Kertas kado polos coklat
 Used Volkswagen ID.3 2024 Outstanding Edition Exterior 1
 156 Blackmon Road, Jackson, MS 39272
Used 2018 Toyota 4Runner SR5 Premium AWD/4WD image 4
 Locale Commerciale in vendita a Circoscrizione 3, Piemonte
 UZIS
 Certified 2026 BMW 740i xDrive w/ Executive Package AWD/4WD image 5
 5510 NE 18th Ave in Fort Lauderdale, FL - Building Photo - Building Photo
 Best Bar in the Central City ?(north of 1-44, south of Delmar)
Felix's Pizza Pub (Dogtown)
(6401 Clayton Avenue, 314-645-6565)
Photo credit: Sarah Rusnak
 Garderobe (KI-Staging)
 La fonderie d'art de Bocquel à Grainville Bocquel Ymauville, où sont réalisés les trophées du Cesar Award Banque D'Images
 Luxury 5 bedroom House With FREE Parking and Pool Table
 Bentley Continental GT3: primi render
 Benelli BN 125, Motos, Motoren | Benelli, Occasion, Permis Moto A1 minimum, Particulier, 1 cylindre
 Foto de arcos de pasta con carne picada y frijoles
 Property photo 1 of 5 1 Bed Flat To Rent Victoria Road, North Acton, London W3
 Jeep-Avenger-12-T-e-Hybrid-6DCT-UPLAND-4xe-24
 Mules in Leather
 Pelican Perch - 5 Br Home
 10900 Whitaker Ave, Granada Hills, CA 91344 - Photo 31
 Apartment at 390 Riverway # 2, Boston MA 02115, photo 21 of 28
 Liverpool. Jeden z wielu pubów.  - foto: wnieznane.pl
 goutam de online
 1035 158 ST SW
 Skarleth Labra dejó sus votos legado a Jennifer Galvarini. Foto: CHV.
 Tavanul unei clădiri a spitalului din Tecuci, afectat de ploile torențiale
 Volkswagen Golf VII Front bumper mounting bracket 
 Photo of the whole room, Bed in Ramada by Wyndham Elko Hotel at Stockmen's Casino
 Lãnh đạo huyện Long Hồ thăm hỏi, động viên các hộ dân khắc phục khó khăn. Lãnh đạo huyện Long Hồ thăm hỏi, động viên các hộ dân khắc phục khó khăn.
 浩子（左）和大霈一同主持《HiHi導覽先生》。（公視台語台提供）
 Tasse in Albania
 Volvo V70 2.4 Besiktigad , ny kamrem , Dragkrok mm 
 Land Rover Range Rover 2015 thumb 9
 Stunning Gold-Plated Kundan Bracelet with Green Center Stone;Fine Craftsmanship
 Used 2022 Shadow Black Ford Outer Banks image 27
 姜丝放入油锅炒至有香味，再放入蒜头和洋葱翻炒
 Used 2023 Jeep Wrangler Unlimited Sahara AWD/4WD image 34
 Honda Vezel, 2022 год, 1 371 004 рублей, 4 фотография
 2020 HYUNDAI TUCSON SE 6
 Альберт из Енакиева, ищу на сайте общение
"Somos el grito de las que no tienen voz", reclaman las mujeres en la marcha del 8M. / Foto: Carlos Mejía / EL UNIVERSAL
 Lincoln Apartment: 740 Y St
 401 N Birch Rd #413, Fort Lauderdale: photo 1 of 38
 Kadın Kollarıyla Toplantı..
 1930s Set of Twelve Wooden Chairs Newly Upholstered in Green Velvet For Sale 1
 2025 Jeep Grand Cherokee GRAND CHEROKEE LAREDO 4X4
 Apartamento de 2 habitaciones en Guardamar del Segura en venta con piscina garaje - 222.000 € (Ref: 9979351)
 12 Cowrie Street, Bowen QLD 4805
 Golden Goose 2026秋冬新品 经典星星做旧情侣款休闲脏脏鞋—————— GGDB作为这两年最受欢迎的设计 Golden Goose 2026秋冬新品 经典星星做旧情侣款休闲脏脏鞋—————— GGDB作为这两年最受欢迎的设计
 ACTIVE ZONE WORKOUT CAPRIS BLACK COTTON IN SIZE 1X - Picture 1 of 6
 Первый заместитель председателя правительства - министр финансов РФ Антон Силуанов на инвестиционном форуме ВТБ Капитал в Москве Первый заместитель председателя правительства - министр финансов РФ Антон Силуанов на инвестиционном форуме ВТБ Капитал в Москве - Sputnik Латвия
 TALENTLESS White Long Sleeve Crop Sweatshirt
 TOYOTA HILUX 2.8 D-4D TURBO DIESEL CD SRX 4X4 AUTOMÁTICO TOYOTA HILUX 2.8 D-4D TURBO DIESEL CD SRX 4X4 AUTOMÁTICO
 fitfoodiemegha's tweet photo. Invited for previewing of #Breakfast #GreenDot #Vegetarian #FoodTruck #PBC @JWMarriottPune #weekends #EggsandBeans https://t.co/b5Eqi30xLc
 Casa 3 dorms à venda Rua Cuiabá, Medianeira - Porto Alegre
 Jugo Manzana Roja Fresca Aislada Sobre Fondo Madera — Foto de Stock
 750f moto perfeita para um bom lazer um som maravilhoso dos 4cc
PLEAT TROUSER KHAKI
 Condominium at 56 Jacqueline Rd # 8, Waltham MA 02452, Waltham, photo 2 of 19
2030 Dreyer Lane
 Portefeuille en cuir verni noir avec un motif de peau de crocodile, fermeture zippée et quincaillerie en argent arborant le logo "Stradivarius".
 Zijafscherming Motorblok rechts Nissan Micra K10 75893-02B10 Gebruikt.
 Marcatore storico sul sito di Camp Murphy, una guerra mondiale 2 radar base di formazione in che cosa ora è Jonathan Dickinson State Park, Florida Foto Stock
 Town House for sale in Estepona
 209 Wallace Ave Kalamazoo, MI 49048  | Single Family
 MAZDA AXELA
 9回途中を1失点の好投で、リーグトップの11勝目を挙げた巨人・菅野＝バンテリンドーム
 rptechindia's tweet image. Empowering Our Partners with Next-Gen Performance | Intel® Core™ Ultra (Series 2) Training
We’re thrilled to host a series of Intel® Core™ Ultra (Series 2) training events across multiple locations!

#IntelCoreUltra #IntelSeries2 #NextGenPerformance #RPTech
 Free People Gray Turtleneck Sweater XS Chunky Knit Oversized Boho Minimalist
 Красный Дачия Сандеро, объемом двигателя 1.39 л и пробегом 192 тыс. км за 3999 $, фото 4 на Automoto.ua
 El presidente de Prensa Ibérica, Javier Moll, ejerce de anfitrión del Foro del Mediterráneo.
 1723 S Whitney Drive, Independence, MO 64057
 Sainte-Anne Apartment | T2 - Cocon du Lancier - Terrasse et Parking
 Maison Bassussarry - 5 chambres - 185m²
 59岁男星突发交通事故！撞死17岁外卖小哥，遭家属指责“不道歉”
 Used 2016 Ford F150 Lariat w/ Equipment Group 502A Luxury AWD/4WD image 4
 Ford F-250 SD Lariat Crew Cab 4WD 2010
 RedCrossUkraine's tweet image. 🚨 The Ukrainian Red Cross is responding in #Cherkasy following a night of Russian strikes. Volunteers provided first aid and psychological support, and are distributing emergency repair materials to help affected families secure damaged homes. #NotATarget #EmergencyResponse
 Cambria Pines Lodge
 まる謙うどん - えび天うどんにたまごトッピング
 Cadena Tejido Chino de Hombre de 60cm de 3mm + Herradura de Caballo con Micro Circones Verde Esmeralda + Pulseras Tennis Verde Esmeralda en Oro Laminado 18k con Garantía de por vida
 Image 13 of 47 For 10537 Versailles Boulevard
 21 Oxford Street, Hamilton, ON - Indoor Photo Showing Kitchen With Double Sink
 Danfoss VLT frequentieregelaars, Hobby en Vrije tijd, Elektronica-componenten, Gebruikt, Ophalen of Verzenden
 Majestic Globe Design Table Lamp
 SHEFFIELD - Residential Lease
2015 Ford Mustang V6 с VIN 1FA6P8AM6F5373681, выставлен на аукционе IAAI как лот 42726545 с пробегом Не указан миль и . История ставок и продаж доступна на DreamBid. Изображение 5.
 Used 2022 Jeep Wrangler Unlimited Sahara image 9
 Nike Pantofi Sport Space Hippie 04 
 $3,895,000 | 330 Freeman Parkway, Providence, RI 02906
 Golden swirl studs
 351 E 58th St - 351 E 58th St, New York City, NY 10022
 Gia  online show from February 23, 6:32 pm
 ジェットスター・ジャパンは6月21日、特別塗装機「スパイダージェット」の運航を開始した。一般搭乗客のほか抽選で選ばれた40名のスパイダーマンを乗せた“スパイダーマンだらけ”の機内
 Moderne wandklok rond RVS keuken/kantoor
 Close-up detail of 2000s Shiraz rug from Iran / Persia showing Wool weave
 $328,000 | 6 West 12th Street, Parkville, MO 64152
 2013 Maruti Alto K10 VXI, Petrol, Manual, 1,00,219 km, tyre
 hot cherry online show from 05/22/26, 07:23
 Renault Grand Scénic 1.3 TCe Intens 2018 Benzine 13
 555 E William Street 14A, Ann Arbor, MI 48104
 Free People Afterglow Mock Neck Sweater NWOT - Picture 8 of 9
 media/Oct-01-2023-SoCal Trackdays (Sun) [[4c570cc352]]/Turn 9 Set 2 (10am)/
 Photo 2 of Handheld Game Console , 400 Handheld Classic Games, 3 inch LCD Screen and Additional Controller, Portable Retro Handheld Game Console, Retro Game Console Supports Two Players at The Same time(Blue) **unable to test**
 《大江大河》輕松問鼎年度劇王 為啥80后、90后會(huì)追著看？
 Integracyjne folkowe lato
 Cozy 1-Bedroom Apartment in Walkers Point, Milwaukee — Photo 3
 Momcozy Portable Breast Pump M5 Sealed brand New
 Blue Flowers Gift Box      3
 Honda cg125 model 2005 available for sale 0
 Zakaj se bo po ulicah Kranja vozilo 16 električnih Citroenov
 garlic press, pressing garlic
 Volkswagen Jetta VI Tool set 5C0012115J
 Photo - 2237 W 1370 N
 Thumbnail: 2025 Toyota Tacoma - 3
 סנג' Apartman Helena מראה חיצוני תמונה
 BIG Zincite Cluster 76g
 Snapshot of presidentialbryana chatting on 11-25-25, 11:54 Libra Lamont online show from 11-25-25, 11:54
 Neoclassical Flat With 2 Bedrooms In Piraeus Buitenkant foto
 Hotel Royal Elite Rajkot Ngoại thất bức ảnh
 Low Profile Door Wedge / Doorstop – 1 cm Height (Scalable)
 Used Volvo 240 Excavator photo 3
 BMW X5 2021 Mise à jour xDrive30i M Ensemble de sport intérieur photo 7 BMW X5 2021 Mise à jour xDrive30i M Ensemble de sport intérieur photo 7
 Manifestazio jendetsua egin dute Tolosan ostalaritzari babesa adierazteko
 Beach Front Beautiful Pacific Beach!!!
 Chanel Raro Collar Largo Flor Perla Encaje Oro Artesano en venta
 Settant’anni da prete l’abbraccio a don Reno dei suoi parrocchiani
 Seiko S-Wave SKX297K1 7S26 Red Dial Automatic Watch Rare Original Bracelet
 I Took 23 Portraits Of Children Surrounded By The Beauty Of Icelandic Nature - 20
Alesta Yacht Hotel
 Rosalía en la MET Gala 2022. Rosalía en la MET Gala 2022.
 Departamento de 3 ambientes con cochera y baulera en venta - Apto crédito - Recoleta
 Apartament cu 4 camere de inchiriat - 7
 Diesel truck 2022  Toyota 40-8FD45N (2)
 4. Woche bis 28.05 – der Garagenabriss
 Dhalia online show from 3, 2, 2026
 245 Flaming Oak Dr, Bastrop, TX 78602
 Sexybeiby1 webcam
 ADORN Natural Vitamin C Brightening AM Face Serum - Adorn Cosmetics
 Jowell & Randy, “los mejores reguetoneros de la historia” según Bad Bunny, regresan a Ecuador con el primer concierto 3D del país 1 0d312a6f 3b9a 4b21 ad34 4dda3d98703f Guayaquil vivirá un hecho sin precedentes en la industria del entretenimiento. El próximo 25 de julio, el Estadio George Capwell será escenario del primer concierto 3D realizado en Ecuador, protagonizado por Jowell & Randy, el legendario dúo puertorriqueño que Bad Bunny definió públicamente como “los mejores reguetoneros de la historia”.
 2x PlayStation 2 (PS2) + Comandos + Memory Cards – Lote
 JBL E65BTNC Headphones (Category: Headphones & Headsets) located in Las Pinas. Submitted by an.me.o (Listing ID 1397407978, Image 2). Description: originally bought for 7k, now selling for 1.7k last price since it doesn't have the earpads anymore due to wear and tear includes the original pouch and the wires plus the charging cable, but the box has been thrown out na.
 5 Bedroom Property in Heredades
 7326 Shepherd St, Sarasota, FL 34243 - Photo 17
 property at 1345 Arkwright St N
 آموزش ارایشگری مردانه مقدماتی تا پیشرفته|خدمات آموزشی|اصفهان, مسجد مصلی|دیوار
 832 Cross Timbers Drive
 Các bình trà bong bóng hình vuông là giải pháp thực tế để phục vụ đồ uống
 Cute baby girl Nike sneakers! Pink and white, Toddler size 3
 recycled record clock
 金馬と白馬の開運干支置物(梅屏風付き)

YOUR TASK: Using the entries above, find all lines with "Lauderdale". Copy them.

FINISHED EXERCISE:
 5510 NE 18th Ave in Fort Lauderdale, FL - Building Photo - Building Photo
 401 N Birch Rd #413, Fort Lauderdale: photo 1 of 38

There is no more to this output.